Schließlich erwarb ich mein Taucherpatent, nachdem ich einen hochdotierten Werbejob in Hollywood aufgegeben hatte, um als Büroangestellter bei einer kleinen Kette von Tauchgeräteläden in Orange County zu arbeiten. Aber meine Verrücktheit hatte Methode, denn ich hatte beschlossen, Seegeschichten zu schreiben, und welcher Platz wäre besser geeignet, meine Karriere als Schriftsteller in die Wege zu leiten, als der hinter der Theke eines Taucherausrüstungsgeschäftes? Don Spencer, Ron Merker und Omar Wood, legendäre Taucher und Besitzer von Tauchergeschäften in Wassersportzentren, fragten sich, von welchem Stern ich gefallen sein könnte, als ich mich um eine Stelle für 400 Dollar im Monat bewarb, nachdem ich vorher als »creative director« in einer hochkarätigen Werbeagentur 2000 Dollar monatlich verdient hatte. Aber schlaue und umsichtige Burschen, wie sie waren – Spencer ist inzwischen verstorben –, überwanden sie ihre Zweifel und stellten mich ein. Wir wurden gute Freunde, und ich blieb ihnen für alle Zeiten dankbar. Ich erinnere mich immer mit Rührung daran, wie Merker mir ein Zertifikat des County von Los Angeles ausstellte. Er war von meinen Tauchfähigkeiten nicht besonders beeindruckt, nicht einmal nachdem ich ihn daran erinnert hatte, dass der rote Baron, Manfred von Richthofen, der im Ersten Weltkrieg zwölf Flugzeuge der Alliierten abgeschossen hatte, beinahe aus der Flugzeugführerschule geflogen wäre.
Mit bangen Gefühlen schickte er mich nach Catalina – als Tauchmeister auf ein Charterboot zu 20 anderen Tauchern. Ein Birntang, der sich vom Meeresboden spiralförmig auf die Wasserfläche zuschraubt, ist ein Anblick, den man nie vergessen wird, ich werde aber nie vergessen, wie die Sporttaucher sich wie ein Rudel ausgehungerter Barrakudas auf das Essen an Deck stürzten.

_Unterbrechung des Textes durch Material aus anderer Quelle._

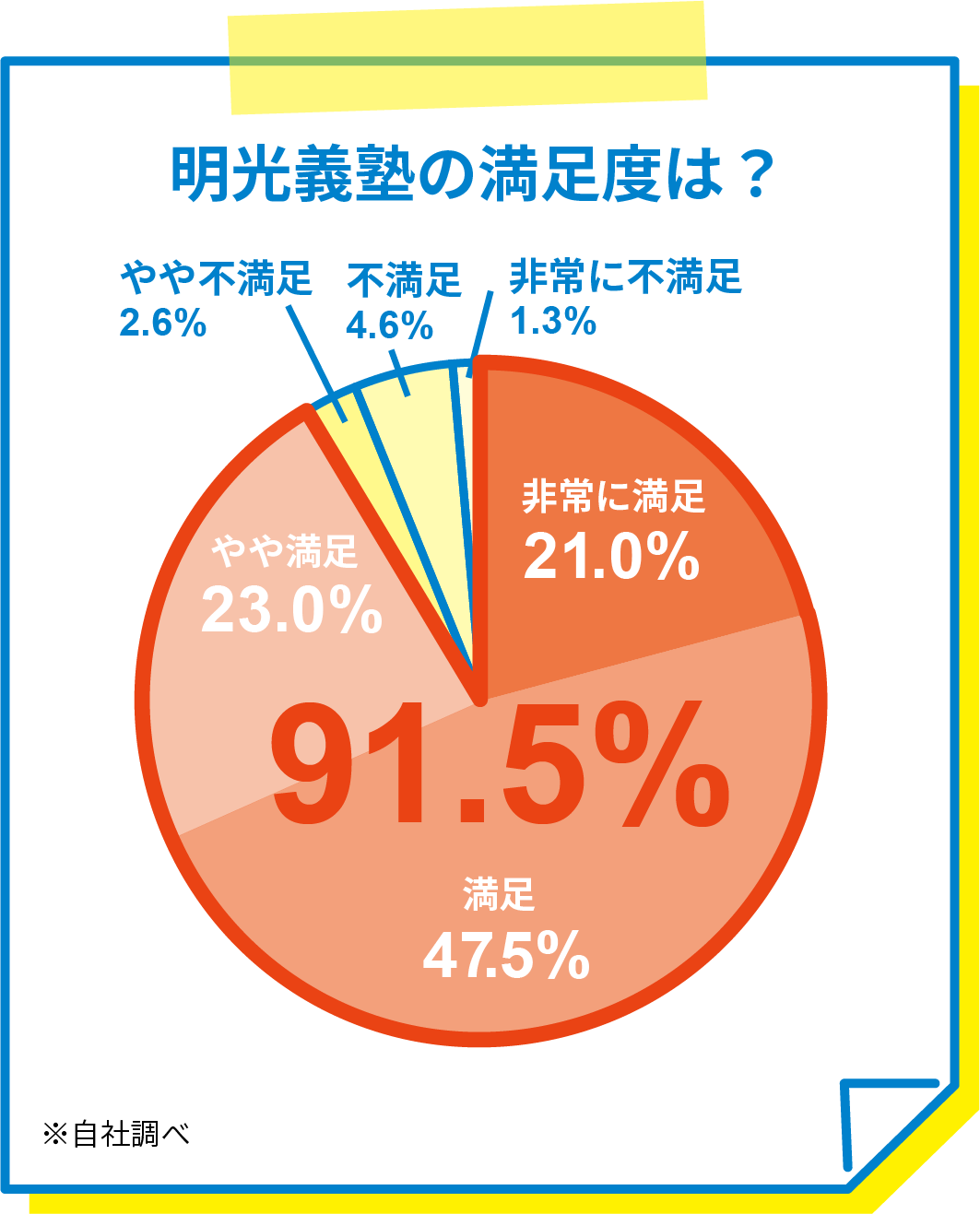 明光義塾の満足度は? 非常に満足21.0% 満足47.5% やや満足23.0% 満足の合計値91.5% やや不満足2.6% 不満足4.6% 非常に不満足1.3% ※自社調べ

Unter Aufbietung meiner zweifelhaften Talente in der Werbung führte ich alle möglichen verrückten Kunststückchen vor, um das Geschäft anzuheizen; Bemühungen, die innerhalb von sechs Monaten zu einer hundertprozentigen Umsatzsteigerung führten. Nachdem ich einige Mannequins im Bikini auf dem Gehsteig vor dem Laden hatte hin- und herstaksen lassen, einen Flugzeugrumpf mit fluoreszierender orangegelber Farbe angestrichen hatte, der zusammen mit weiteren bikinibekleideten Models auf dem Dach aufgestellt wurde, fing ich an, in einem Theaterzelt auf dem Parkplatz seltsame Possen zu reißen. Ich erinnere mich an ein Plakat am Straßenrand, auf dem zu lesen war: HALTET AMERIKA GRÜN,VERBIETET DIE HUMMER AUF DEN AUTOBAHNEN. Ich bildete mir viel darauf ein, dass wir Mel Fishers Taucherladen in Manhattan Beach mit unseren Umsätzen weit überflügelten. Natürlich hatte Fisher die Lacher auf seiner Seite, als er schließlich die mit Schätzen beladene spanische Galeone Atocha fand.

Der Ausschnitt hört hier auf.